She released her self-titled debut album in 1999 which debuted at number one on the US Billboard 200 gaining the singles "Genie in a Bottle", "What a Girl Wants" and "Come On Over Baby (All I Want Is You)" which all topped the US Billboard Hot 100. "Genie in a Bottle" became Aguilera's early signature song, peaking atop the chart for five weeks. She followed up this success with Spanish language and Christmas albums, Mi Reflejo (2000) and My Kind of Christmas (2000) respectively, garnering success with various songs including "Ven Conmigo (Solamente Tú)" which topped the US Hot Latin Songs chart and "The Christmas Song" which reached top 20 on the Hot 100, marking the second highest charting position of the song on the chart in 55 years. In 2001, she recorded two collaborations, "Nobody Wants to Be Lonely" with Ricky Martin and "Lady Marmalade" with Mýa, Lil' Kim and Pink. The latter found international success, peaking at number one on the Hot 100 for five consecutive weeks.
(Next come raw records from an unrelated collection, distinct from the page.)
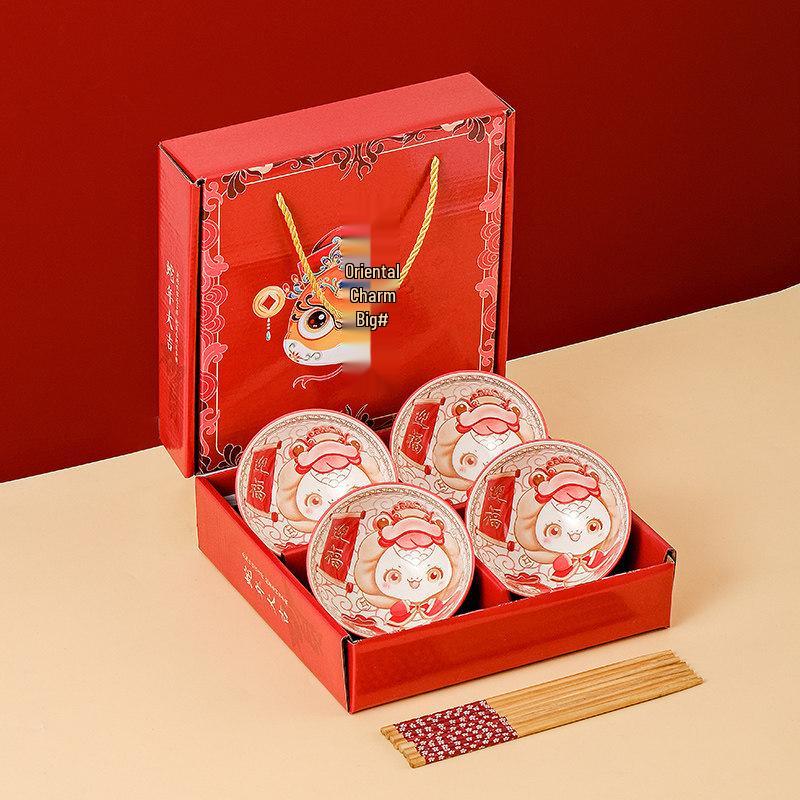 Japanese Ceramic Wedding Gift Set: Bowl & Chopstick with Gift Box - Perfect for Lucky Draws and Employee Gifts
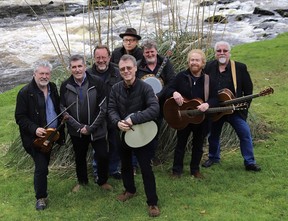 The Irish Rovers, from left, Gerry O’Connor, Morris Crum, Davey Walker, Fred Graham, Sean O’Driscoll (front), Geoffrey Kelly (rear), George Millar and Ian Millar, bring their farewell Saints and Sinners tour to London March 12 and Chatham on St. Patrick’s Day. (Supplied)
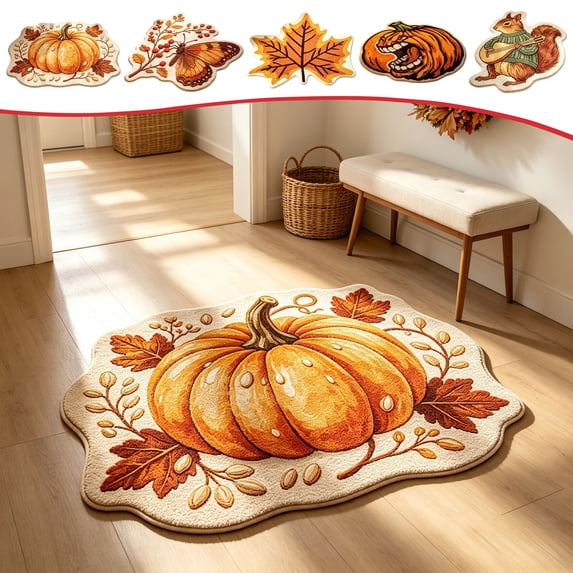 Fall Doormat Pumpkin Maple Leaves Rectangular Skidproof Mat 19.69x23.62in Polyester Skidproof & Soft for Bathroom Kitchen Porch Entryway Thanksgiving Fall Doormat by MPOISVA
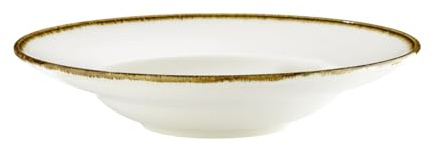 METRO Professional Plato para Pasta Ateo, Porcelana, 27 cm de Diámetro, Beige con Borde Decorativo, Apto para Microondas y Lavavajillas, Pack de 4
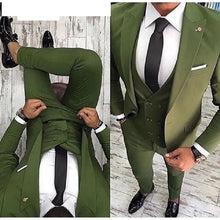 Load image into Gallery viewer, Men's Suits Prom Tuxedo Slim Fit 3 Piece Groom Wedding Suit For Men Custom Blazer Terno Masuclino 3 Pieces (jacket+vest+pant)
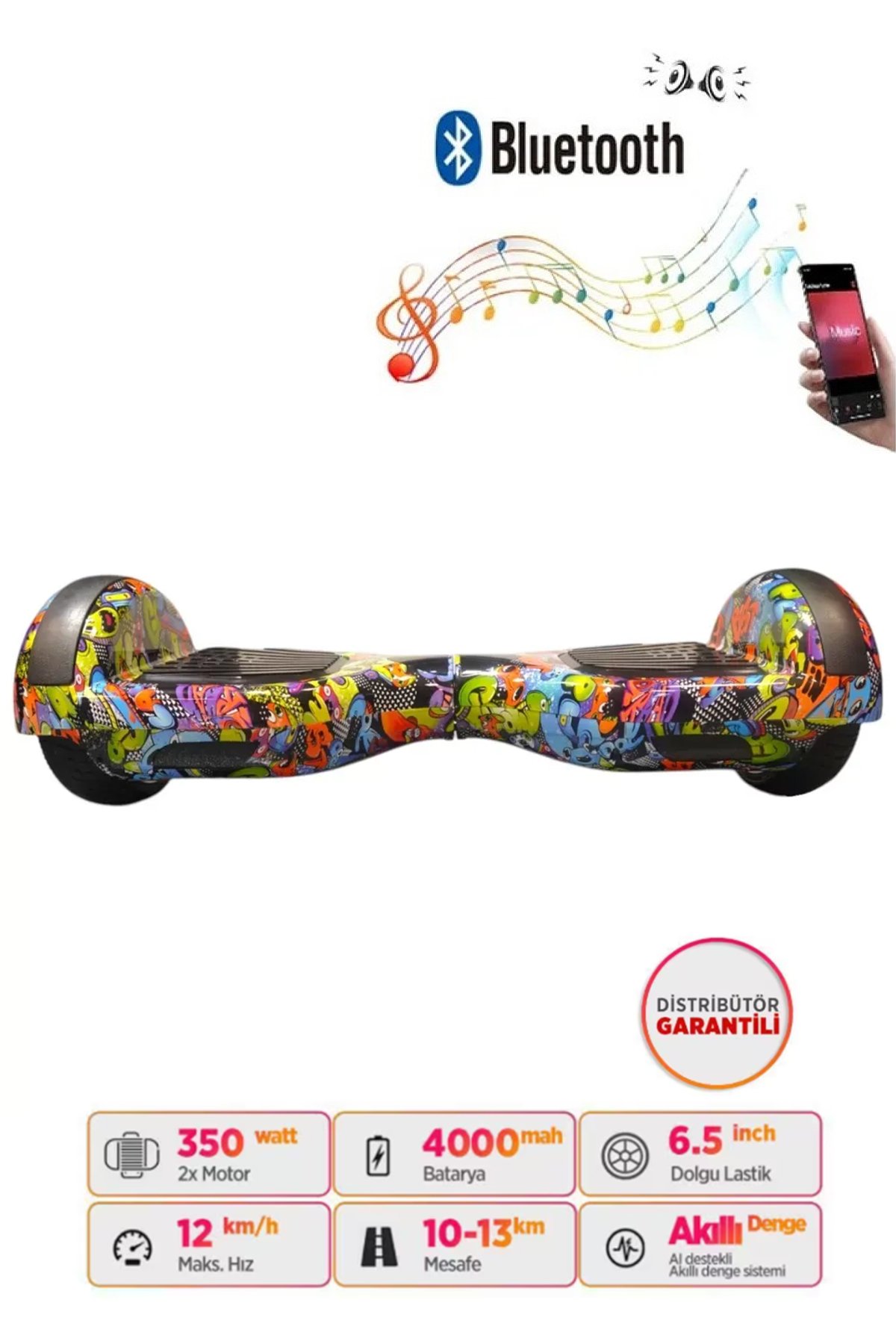 Elektrikli Kaykay Scooter Hoverboard 6.5 Inch Rüya Paranoyası Desenli Akıllı Dengeli D22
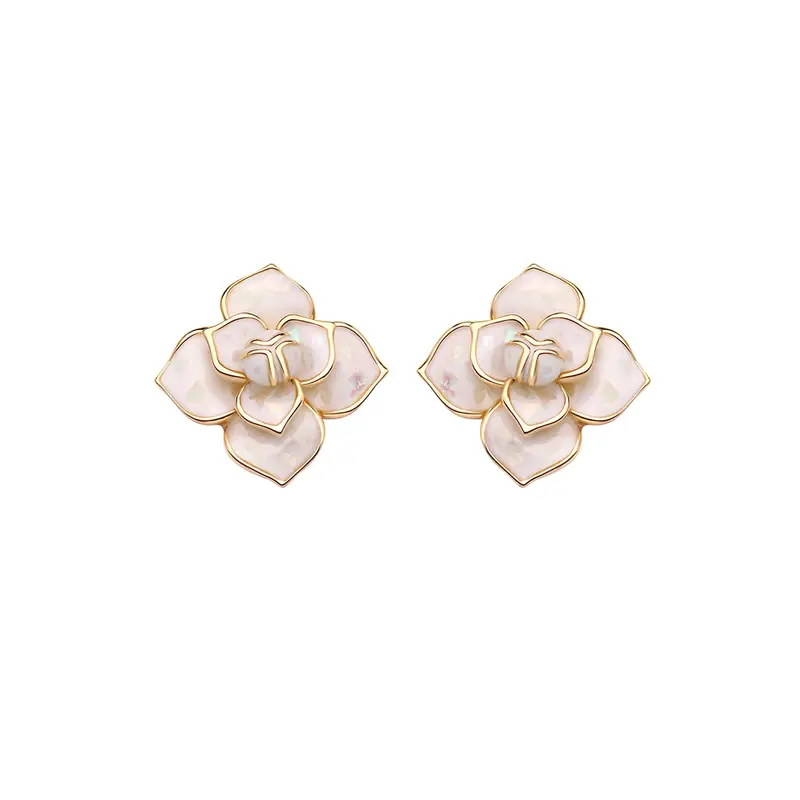 Yellow Chimes Women's Gold Toned Floral Stud Earrings | 1.5cm | Gift for Girls & Women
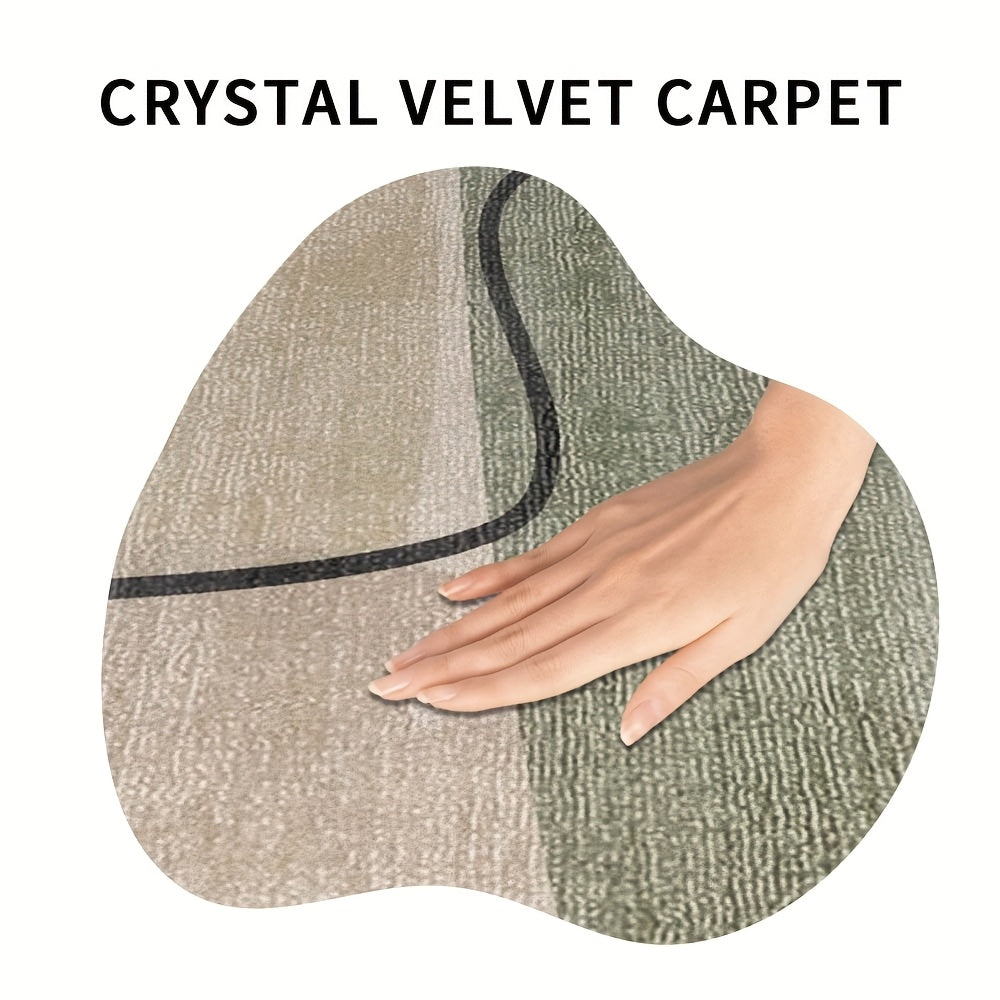 Tapis rond bicolore beige et sauge, trait noir continu au fil
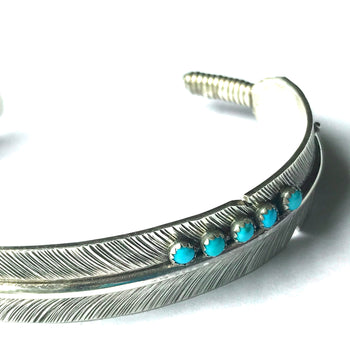 Feather bracelet heavy gauge silver ( large size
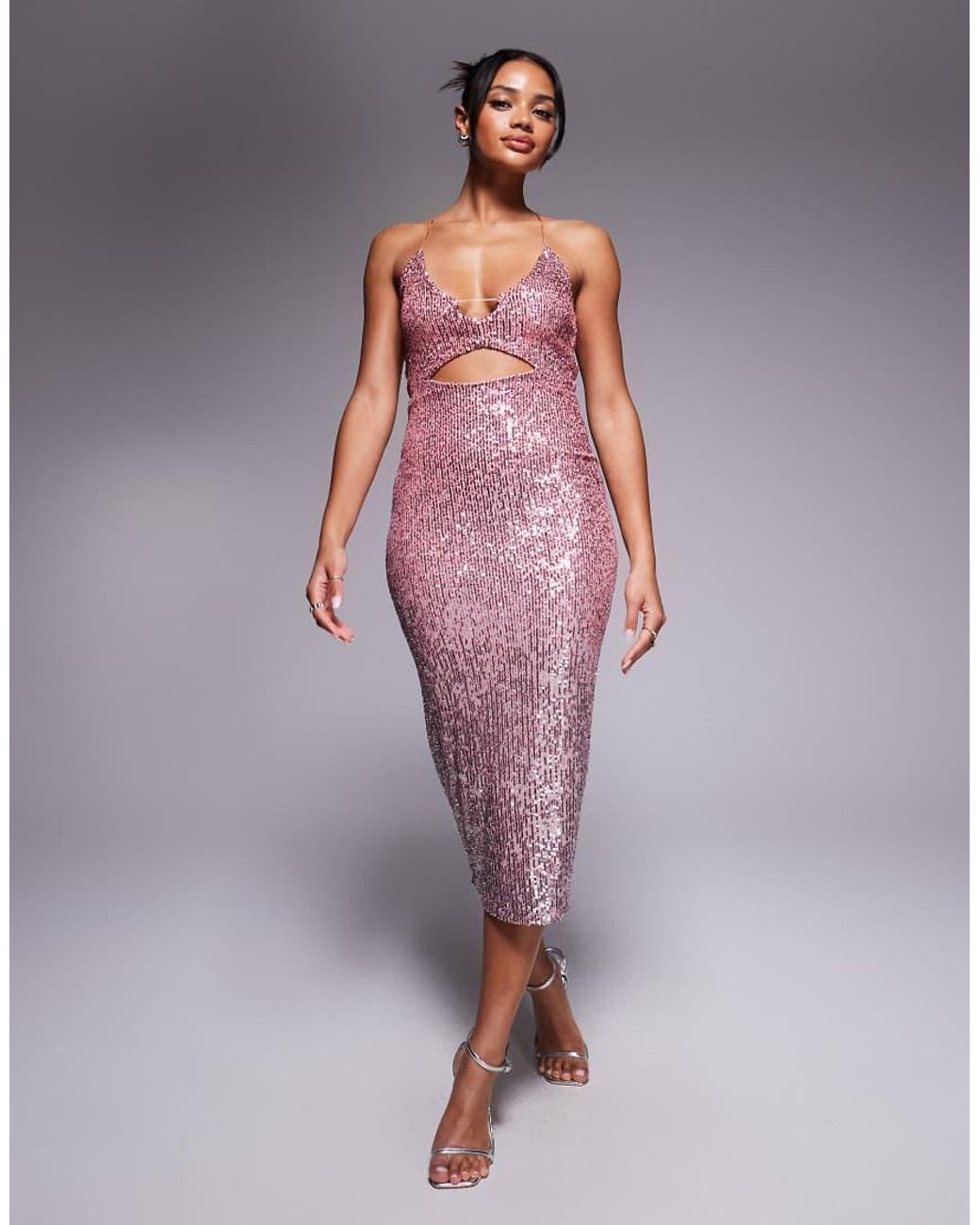 Vesper Purple Strappy Sequin Midaxi Dress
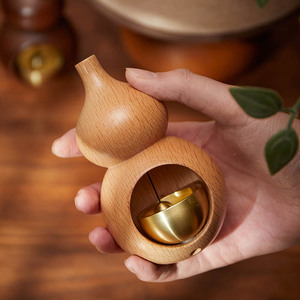 Timbre de madera maciza con forma de calabaza y campana de latón, estilo japonés, fácil instalación - Product Image 4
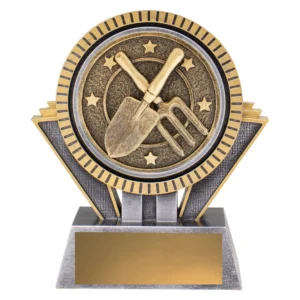 Small silver and gold gardening trophy with large round medallion featuring crossed hand fork and trowel, radial border detail, triangular side supports and engraving plate on solid base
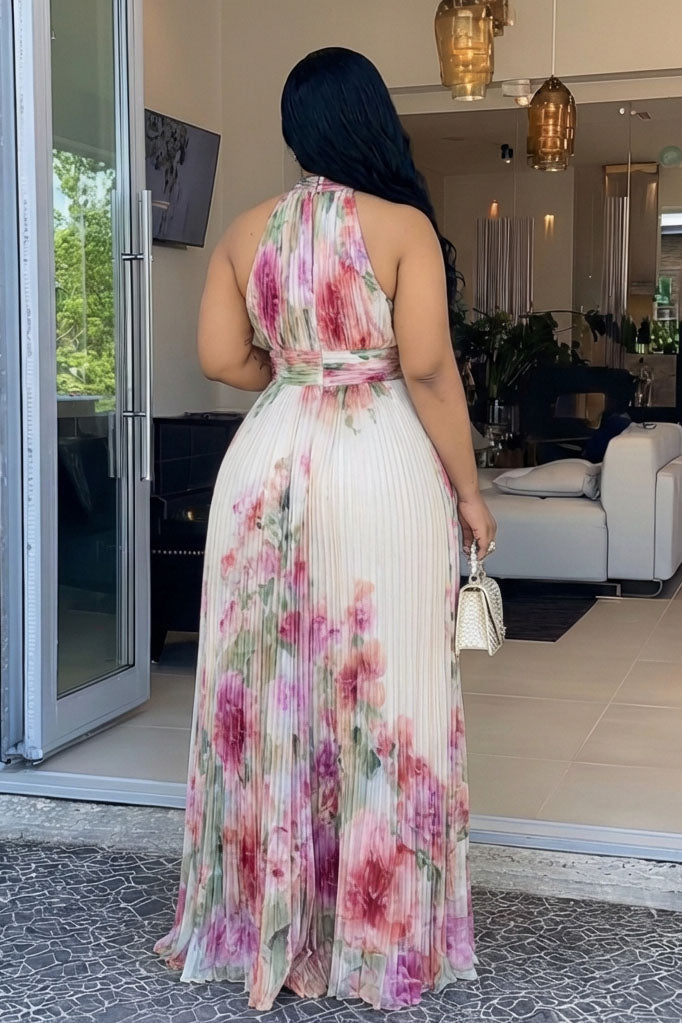 Halter Sleeveless Flower Pleated Losses Fit Maxi Dresses-White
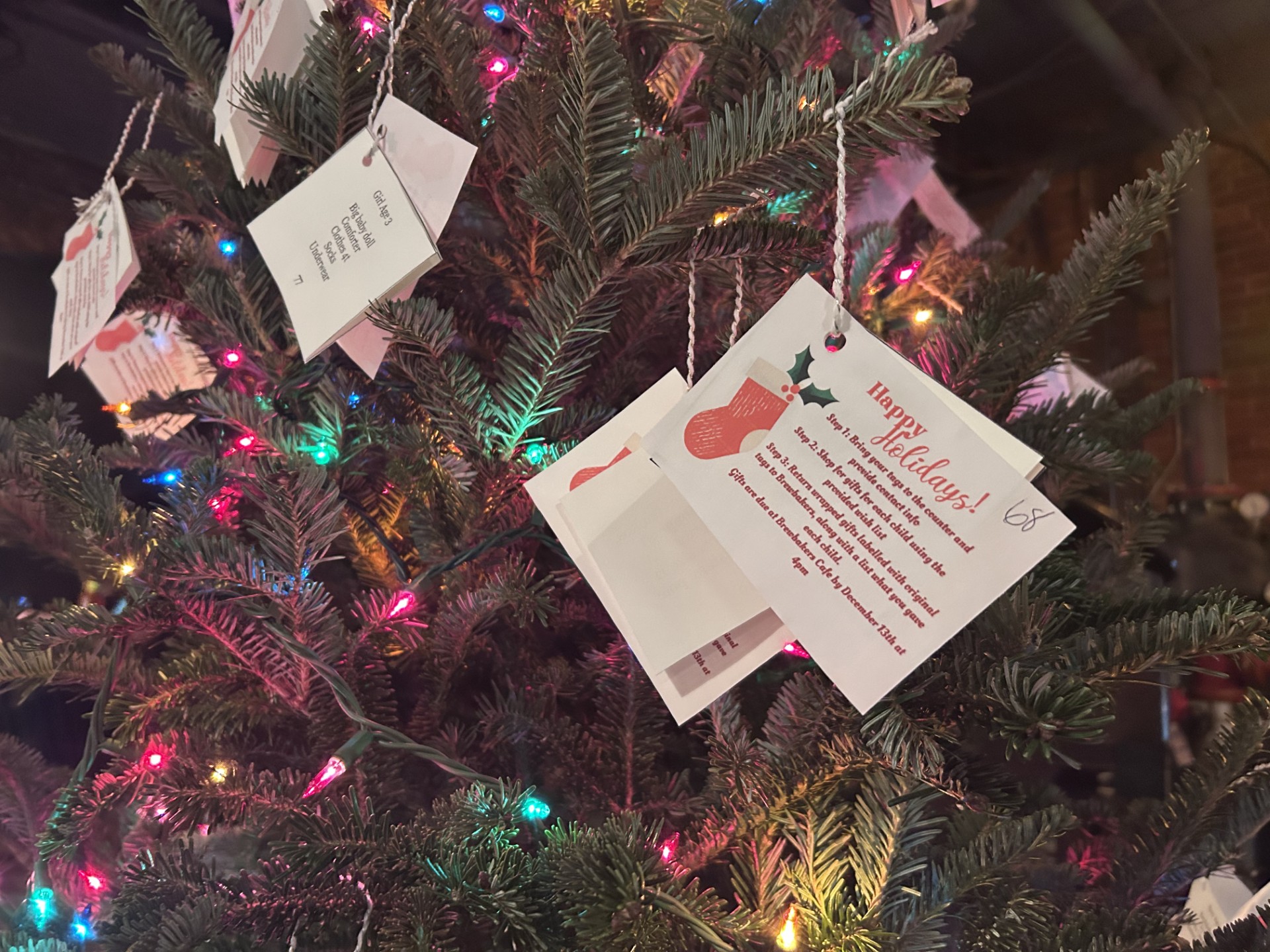 Holiday giving tree at Brewbakers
Aguilera released her fourth studio album, Stripped (2002), which debuted at number two on the US Billboard 200 and spawned the single "Beautiful", which peaked at number two on the Hot 100 and number one in the UK. The album has gone on to become one of the best-selling albums of the 21st century. She followed this up with her dual disc fifth studio album, Back to Basics (2006), which found commercial success and debuted atop the Billboard 200. The album garnered the top-ten Hot 100 single "Ain't No Other Man" and top-30 singles "Hurt" and "Candyman". Aguilera released her first greatest hits album, Keeps Gettin' Better: A Decade of Hits (2008) alongside the single "Keeps Gettin' Better," which debuted at number seven on the Hot 100, marking her highest debut on the chart. During these years, she also released the singles "Car Wash", "Tilt Ya Head Back" and "Tell Me".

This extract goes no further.